┌──

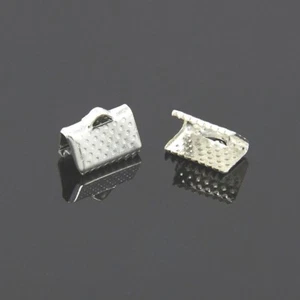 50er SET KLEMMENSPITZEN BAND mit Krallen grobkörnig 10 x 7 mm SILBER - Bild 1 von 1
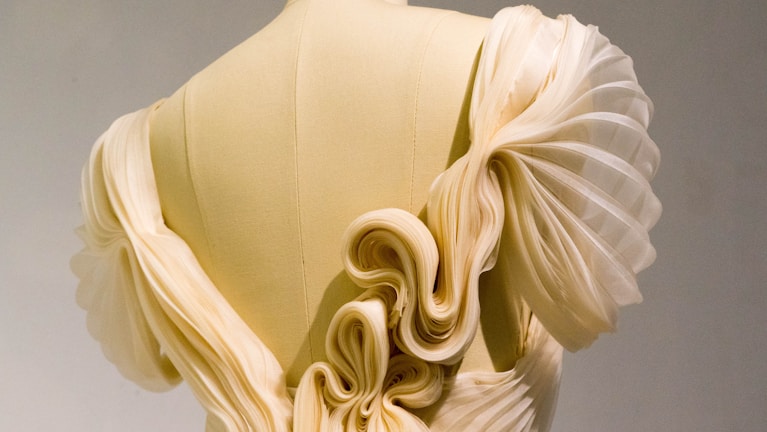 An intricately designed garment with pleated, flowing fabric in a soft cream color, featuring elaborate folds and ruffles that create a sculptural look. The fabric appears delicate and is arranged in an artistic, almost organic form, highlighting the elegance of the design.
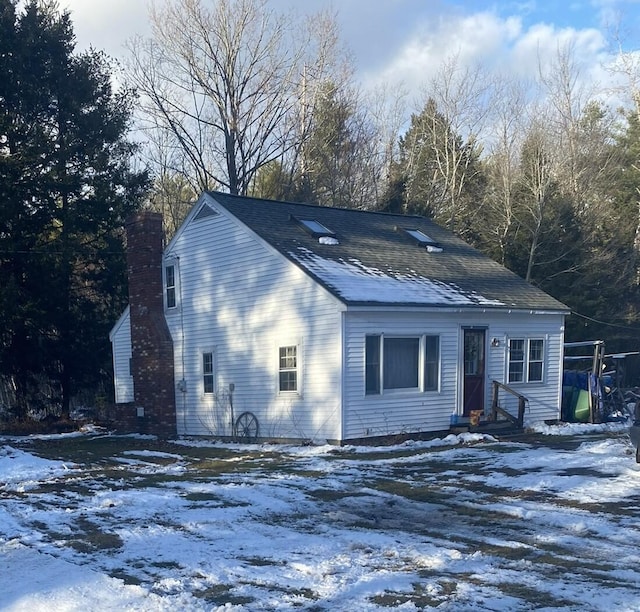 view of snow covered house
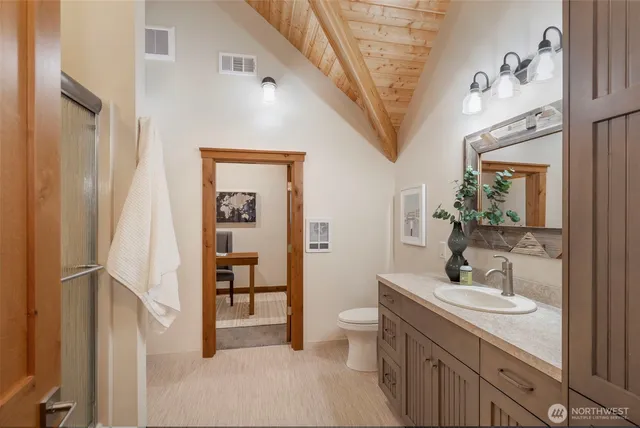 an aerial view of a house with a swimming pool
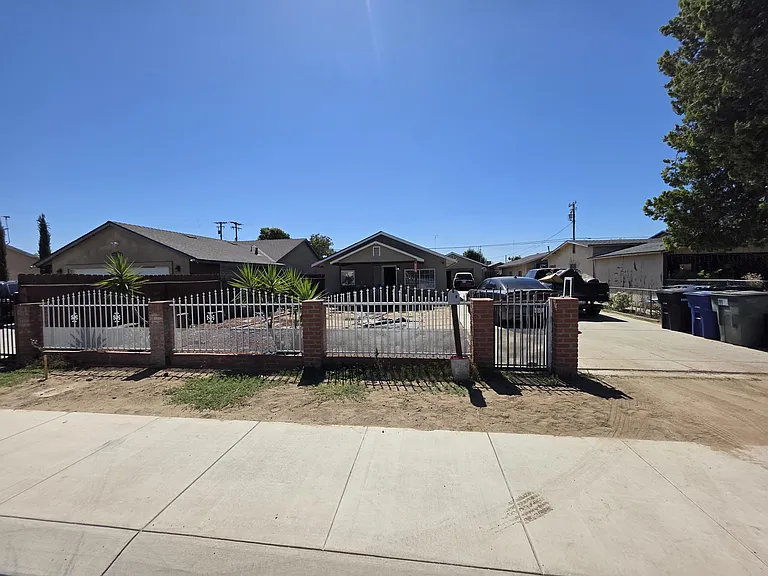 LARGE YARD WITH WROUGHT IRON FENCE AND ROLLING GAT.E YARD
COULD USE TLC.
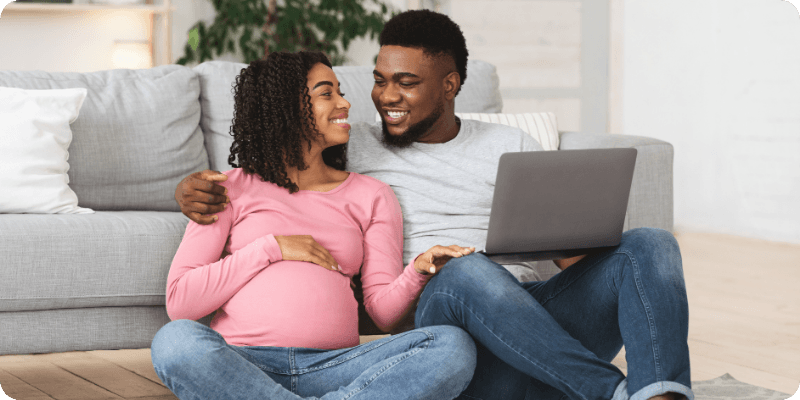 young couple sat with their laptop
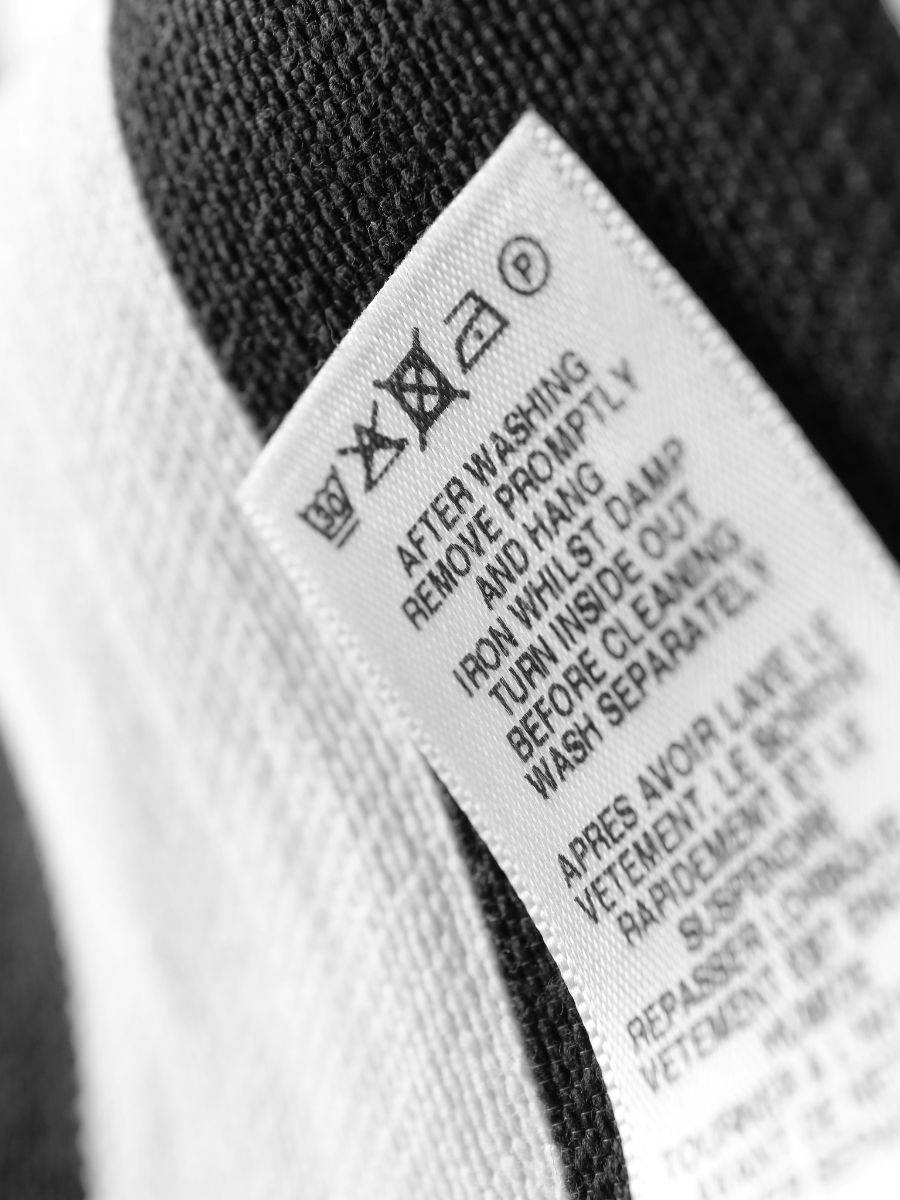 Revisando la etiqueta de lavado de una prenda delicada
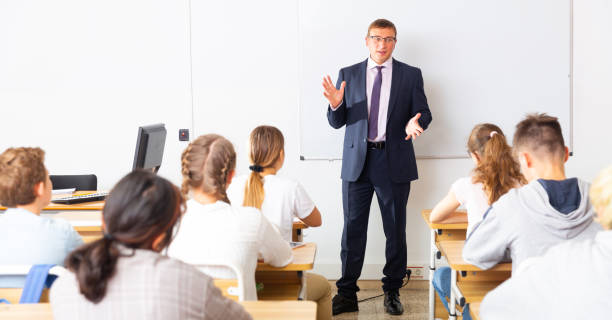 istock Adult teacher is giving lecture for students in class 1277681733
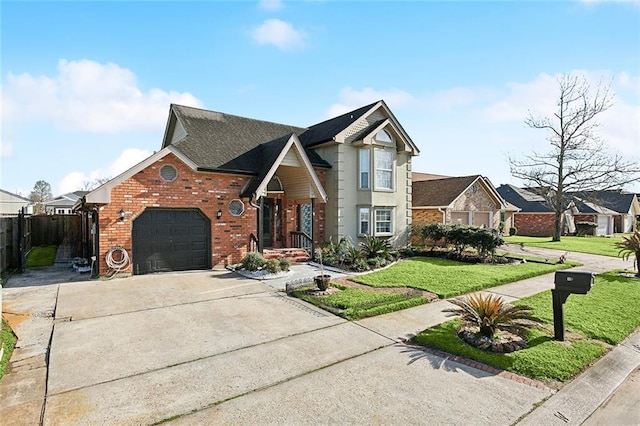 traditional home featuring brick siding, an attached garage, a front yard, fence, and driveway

└──

What to produce - Please return exactly the lines above, from where the listing starts to the line holding "view of snow covered house", inclusive, with the pictures omitted.

Result -
 50er SET KLEMMENSPITZEN BAND mit Krallen grobkörnig 10 x 7 mm SILBER - Bild 1 von 1
 An intricately designed garment with pleated, flowing fabric in a soft cream color, featuring elaborate folds and ruffles that create a sculptural look. The fabric appears delicate and is arranged in an artistic, almost organic form, highlighting the elegance of the design.
 view of snow covered house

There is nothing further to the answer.